I'll begin by dispensing with the obvious. I don't think Kass will mention valuation of the stock or Buffett's age. Those aren't great reasons to short the stock. I also don't think Kass will make the "needs to do another huge deal to move the needle" argument. Although, with an estimated $174 billion in revenue for fiscal 2013, it's true that the company has to bag a really big elephant to grow the company. But I don't think Doug will go down that road.

I think Kass can legitimately mention that many of Berkshire's most profitable deals are unlikely to be repeated. Eight companies that Berkshire invested in 2009 received $133 billion in bailout money from the Fed. That's risk-free investing at its finest.

Buffett's $5 billion investment in Goldman Sachs (GS) in 2008 turned out to be hugely profitable. Buffett reached an agreement to exchange his warrants in Goldman for shares in the company, making Berkshire a $1.4 billion profit. Who does that? Who gets access to that kind of sweetheart deal? Not I.

In fact, as I recall, doesn't everybody who's in trouble come around for some Berkshire bailout cash? Solomon Brothers did in 1991. Buffett's $700 million investment in the firm magically turned into $1.7 billion a few years later when Solomon was sold to Travelers (TRV) for $9 billion. Offloading a bankrupt bond-trading firm for $9 billion is not too shabby. He almost did it with Long-Term Capital Management, too. Buffett gave them an hour to accept a lowball offer. They didn't take the bait and Wall Street ended up rescuing Long Term Capital.

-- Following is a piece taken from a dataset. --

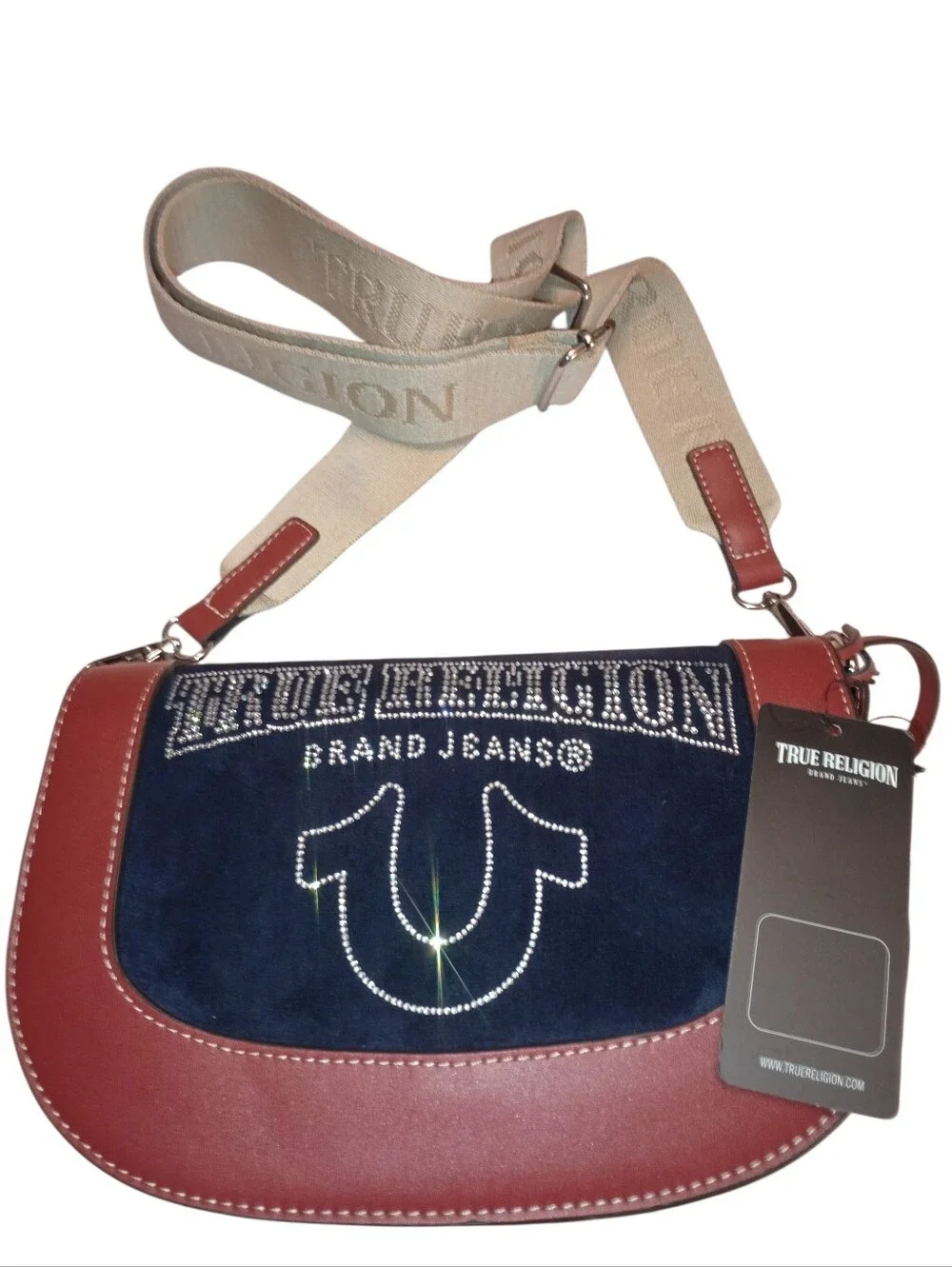 True Religion Navy Suede and Red Leather Crossbody with Beige Strap, NWT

But if you really want to short the stock, why not ask Buffett why his insurance companies are more profitable than any other insurance company. Berkshire's insurance operations seem to be very lucky to me. Last year was the 10th consecutive year of profitable underwriting. Buffett likes to point out that State Farm Insurance had an underwriting loss for eight of the last 11 years. Buffett will tell you it's because Berkshire's insurance operations are run by smart people, but come on. In the 2012 annual report, Buffett writes that Berkshire's Reinsurance Group's CEO Ajit Jain has exposed Berkshire to less risk than the industry, but manages to have $35 billion of float left over. (Float is insurance lingo for money left over after claims are paid.) How can the company operate at the scale it does, take less risk than the average insurance company and dish out incredible profits?

GEICO experienced its single greatest loss in the history of the company when Hurricane Sandy claimed over 46,000 cars. Sandy was three times more costly than Hurricane Katrina, yet GEICO managed an underwriting profit of $680 million. And GEICO's profit would have been even larger if it wasn't for an accounting change that cost the company another $410 million. How's that? In the last three years, Berkshire's insurance revenue is up 17%. Finance and financial product revenue did even better. That category is up 19%. I wasn't aware the insurance business was a growth business.

I'm no expert on insurance accounting, but why doesn't anybody wonder about these things? Maybe Doug will ask. While I'm interested in Doug's short thesis on Berkshire, I admit I'm even interested in his Kentucky Derby picks.